Thought I'd better explain myself better. I belong to I think the southernmost Archery Club in the world. It's winter now, snow on the mountain some days. Our prevailing winds are westerly, straight off the Southern Ocean. If we're really unlucky we get a southerly, straight off the Antarctic. Arrows blowing off the rest are a continual probem. I usually shoot longbow, because I like to keep things simple, plus I have both sides of the family represented on the Honor Roll of Agincourt, so I'm keeping up the ancestral tradition. Lately I've got into shooting barebow compound, and I'm loving it. I shoot a Scepter 3 but it keeps going out of tune, so I'm thinking of trying a different bow. Because where I live is so isolated, I can't try anything, but have to send overseas blind as it were. So I need to pick up as much info as possible before I commit myself. I've been recommended A PSE Moneymaker NI because the single cam should be easy to keep in tune, but can't find much info on fingershooting it. I have seen one post which prefers the LF cam for fingers. Had anyone out there got any experience of fingershooting a Moneymaker. All or any input would be greatly appreciated. Cheers


----------



## NeilM (May 22, 2006)

The single cam twin cam discussion goes round and round (ohh, sorry about that pun). Certainly conventional wisdom says that twin cam is better for fingers, but I have shot well with a single cam bow (a Ross CR337) and pretty much the best compound finger shooter in the Uk used to shoot Mathews, so........

I think a couple of people on here have owned Moneymaker's, so if you keep bumping this post, you should get a reply. I have been tempted, but like you, I'd have to buy first try after, as no one in the UK holds them in stock.

I'm surprised your Sceptre has been going out of tune, maybe you could get some advice about it on here too.


----------



## blakey (May 5, 2010)

Thanx for that. I've just had an answer on a thread in Oz that says that the best finger shooter downunder uses the two cams. I think the issue is how it rolls off the fingers. I was just hoping that there's someone in the States who has had experience of both. There's a lot more finger shooters over there. very few in Oz. In the meantime I mihjt do as you suggested and start a thread on the Scepter. It's really annoying me cos I set it up for a FITA and then it goes out of tune. Actually had to drop 10 metres last weekend. Cheers


----------



## Robert58 (Oct 5, 2002)

Don't know anything about a PSE, but if your Scepter III has Nitrous Cams we may be in the same boat. I have a Scepter II that I put Nitrous Cams on three and a half years ago and I would shoot good one Tournament and bad Four. I have finally given up on it and now have a 2009 Scepter IV with Furious X shoot through Cams on it. I am waiting on custom strings to really get it set-up. But with the old strings that came on it I have gotten it to shoot 5 times better than the Scepter II with the Nitrous Cams. And that narrow grip on the Scepter IV has gotten completely read of my right and left problems. I was afraid of the shoot through system but I am now getting better arrow flight than I have ever gotten with any bow.

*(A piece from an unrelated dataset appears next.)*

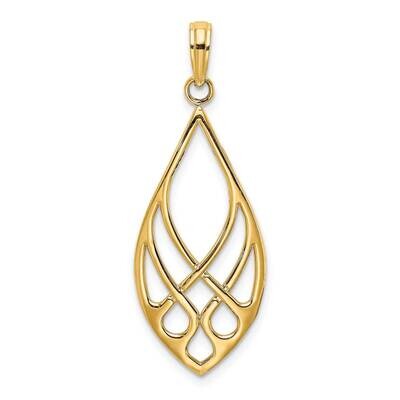 Celtic Knot Teardrop Charm 14k Gold K7194, MPN: K7194, 637218050208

I shoot a Golden Key Superstar rest with the mediam thickness blades on it.

Robert


----------



## Noobist (Jun 5, 2009)

Whereabouts is your club located, out of interest?


----------



## blakey (May 5, 2010)

Van Dieman's Land. How could I forget South Island? Apologies, you might be nearer to the penguins than me.


----------



## blakey (May 5, 2010)

Thanx Robert for the account of your Scepter probs. I didn't know the Furious cams were an improvement. I'll have to look into the Scepter 4, cos I really like Martin. I'm not sure if shoot-thru strings are allowed for Barebow Compound class under Australian FITA regs, I'll look it up. My cams are Z cams. I like the feel of them when they stay in tune. I'm interested in the type of rest you shoot. I don't know the Superstar. Is that a prong rest or do you have a plunger? I have big probs keeping arrows in place on the rest cos of wind.


----------



## Robert58 (Oct 5, 2002)

I shoot over spined arrows so have never been able to get good results with a plunger so I shoot a side blade and bottom blade. The Superstar rest is no longer in production. It is the same rest as the Cartel Star Hunter rest except it has a micro adjust head like the Cavalier Free Flyte Elite. It comes with three thicknesses of blades to set your side tention. I didn't know anyone was still shooting the old Z Cams. If you are shooting a clicker you may have a problem with the Fury or Furious cams. I don't think you can shoot a clicker with the Nitrous. They have to hard of a wall with no valley. I used to shoot the Fury cam on my Cougar with it creep tuned with the top cam hitting about an 1/8 " before the bottom real well. I went from it to the Scepter II with Nitrous cams because a few finger shooters I saw at a few tournaments said they were the most forgiving cam they had ever shot. But I never shot as high of scores withmine. I hope the Furious Cams works for me. If not I will go back to the Fury Cam on my Scepter IV.

Robert


----------



## Robert58 (Oct 5, 2002)

I don't know if Australian FITA rules are different from the World FITA rules, but Davis Hughes won the World FITA Field Championship a few years ago down in Australia shooting a Barnsdale with shoot cables.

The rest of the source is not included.